Aun siendo breve y superficial, esta síntesis de las relaciones de James con la escena de su tiempo tiene la virtud de plantear dos cuestiones de importancia. Por un lado, interesan las razones por las que James aplazó durante dos décadas la conquista efectiva del teatro cuando llevaba componiendo —y publicando— piezas de variable entidad desde su primera juventud; por otro, resulta oportuno reflexionar sobre las causas de su fracaso como dramaturgo. Cabría mitigar las aristas del término fracaso y referirse al producto de sus esfuerzos con palabras más livianas, pero los hechos son bien elocuentes: tras cuarenta años de dedicación al medio teatral y haber compuesto diecisete obras, sólo cuatro llegaron a estrenarse. De ellas, una se hundió con estrépito en su primera función, mientras que las otras tres no dejaron huella alguna. Es difícil encontrar otra palabra que defina con mayor propiedad esta ejecutoria.
El porqué de las dilaciones que James imprimió a su carrera dramática no difiere mucho del que explica su ausencia del estreno de Guy Domville. Aunque enmascarado por múltiples excusas, lo que James sentía era un temor reverencial a enfrentarse con el público como conjunto físico de individuos que poblaban galerías, palcos y plateas; detestaba, así mismo, los aspectos prácticos del teatro y, de forma muy especial, perder el control de su obra, que, sobre las tablas, se convertía en patrimonio común del dramaturgo, del director de escena, de los actores, del escenógrafo y hasta del iluminador.
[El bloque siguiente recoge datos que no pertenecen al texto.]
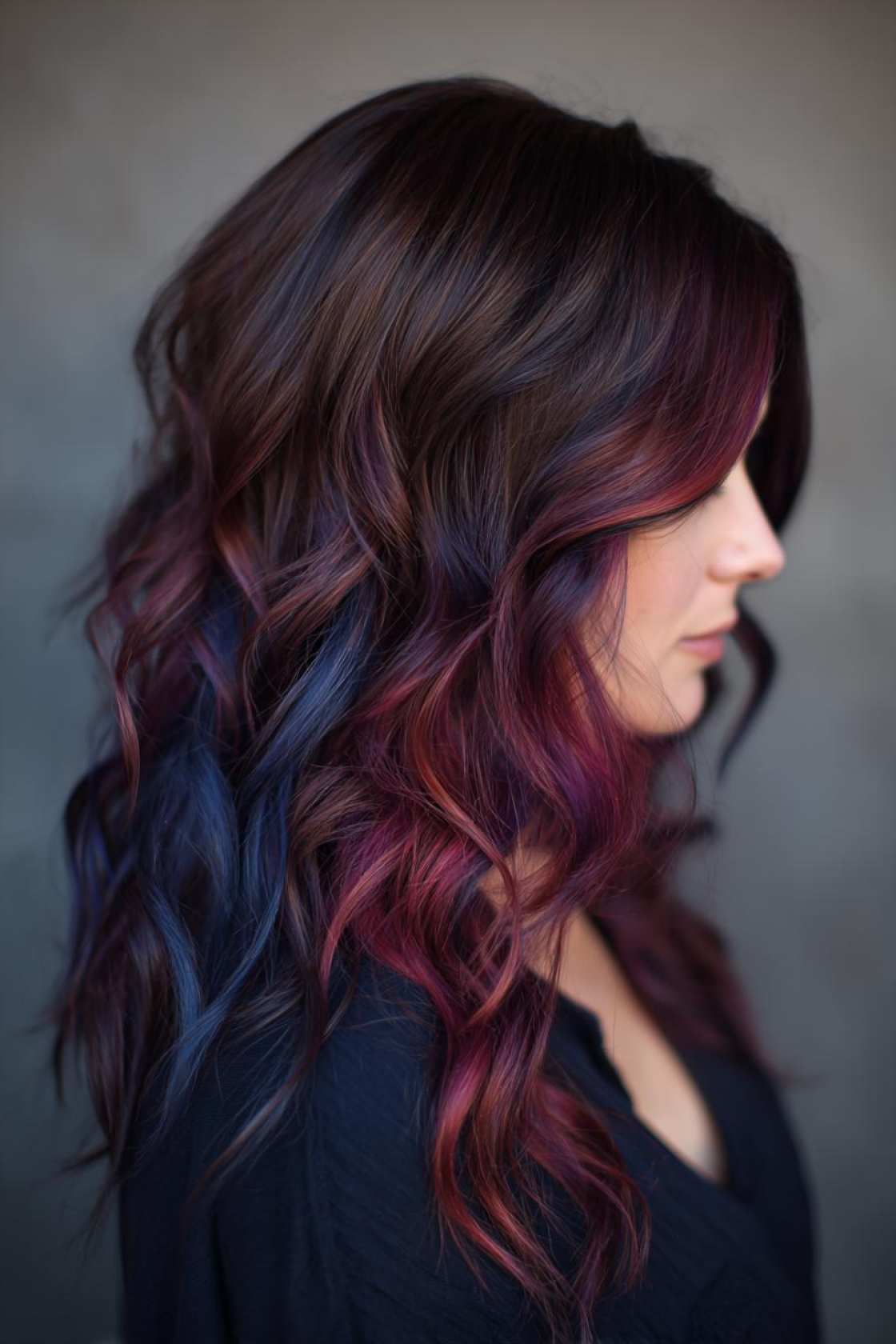 Thinking Peekaboo? 18+ Reasons to Try This Playful Hidden Hair Color. - 12. Low Commitment Color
Todos ellos conspiraban contra su visión dramática, recortaban la obra, cambiaban su desenlace, interpolaban turnos de diálogo y lo hacían para satisfacer al espectador medio, cuyo nivel de exigencia estética le parecía punto menos que decepcionante. James entró en el teatro con un estado anímico dual y contradictorio que no auguraba nada bueno. Por una parte, afirmaba que el arte dramático era «la más noble de todas las formas literarias»8 y que, tras resolverse a adoptarlo como ocupación principal, había encontrado en él su «auténtica forma» frente al «sucedáneo limitado y restringido» en que se había vuelto «el minúsculo y pálido arte de la novela»9. Por otra, y muy poco después, cargaba contra «las demora, las desilusiones, los déboires del horrible oficio teatrero» y, con evidente contrición, reconocía que no hay
nada que me alivie más que acordarme de que la literatura [esto es, la novela] espera a mi puerta pacientemente y que sólo tengo que accionar la manivela para que entre la más exquisita de las formas, la cual, en definitiva, es la que más cerca está de mi corazón y con la que en modo alguno he roto (Notebooks, 77).
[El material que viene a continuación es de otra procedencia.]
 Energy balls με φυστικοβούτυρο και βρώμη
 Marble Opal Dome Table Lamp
Ha de decirse en favor de James, sin embargo, que estas contradicciones tan llamativas no apuntan a una personalidad caprichosa o patológicamente inestable, sino que obedecen a una visión dicotómica del mundo de la escena que separa radicalmente lo teatral de lo dramático o literario, asociando a cada uno de estos términos, de forma respectiva, todo un cortejo de connotaciones favorables o desfavorables en función de la capacidad que tienen de restringir la creatividad del autor10.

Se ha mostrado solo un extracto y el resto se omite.